Prices vary and can be influenced by an SEO company‘s size, reputation (or lack thereof), resources invested in customer service, and many other factors. Moreover, there are a variety of pricing models from which to choose.
Rather than hire a firm, some companies instead opt to attempt this specialized discipline in-house in order to “save” money. Of course, there is a cost associated with this option as well–labour. Often, the cost of effectively performing SEO in-house, when fully calculated, will be equal to or greater than the costs of outsourcing (due to a sizable learning curve and the necessary testing and experimentation required).
In any case, companies often make decisions on whether to outsource (and if so, which provider to choose) based solely on price. However, one thing that is rarely factored into the decision making process is the potential cost of doing SEO wrong.

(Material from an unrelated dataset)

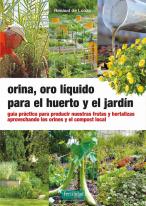 Orina Oro Liquido Para El Huerto Y El Jardin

The most obvious cost of doing SEO wrong is the price that was paid for the actual work, whether paid to a firm or toward salaries for internal resources. While this is the most quantifiable cost and the easiest to recognize, it is generally the least expensive consideration. This concept is sometimes difficult to understand, since there is typically a finite sum the company considers “at risk” when they sign a contract with an SEO firm or commit internal resources to the task.
Lost Opportunity Cost
Search is currently one of the hottest marketing channels in the world, and increasing numbers of companies are jumping into the mix and realizing outstanding returns on their investment. However, it can take several months to attain optimal results with search engine optimization, and choosing the wrong provider or using ineffective methodology can delay any returns. It is critical that the methodologies used at the outset are effective and timely to minimize the waiting period for results.
While price can (and should) certainly be a factor in the SEO decision making process, it should not be the primary factor. Unfortunately many companies who think they are saving money when making SEO decisions find out later that the actual costs of doing SEO wrong can make the “savings” pale by comparison. Worse yet, firms that focus primarily on price will sometimes unknowingly embrace methodologies that put their site at great risk for penalization and at best do not get the anticipated results. Meanwhile, those who abandon SEO entirely due to a single bad experience leave the channel wide open for their competitors, who are usually happy to take advantage.
* For the purpose of this article, we refer to “natural” or “organic” search engine optimization, where a company helps a firm to show up prominently in the natural results, as opposed to the “sponsored” or “paid” results.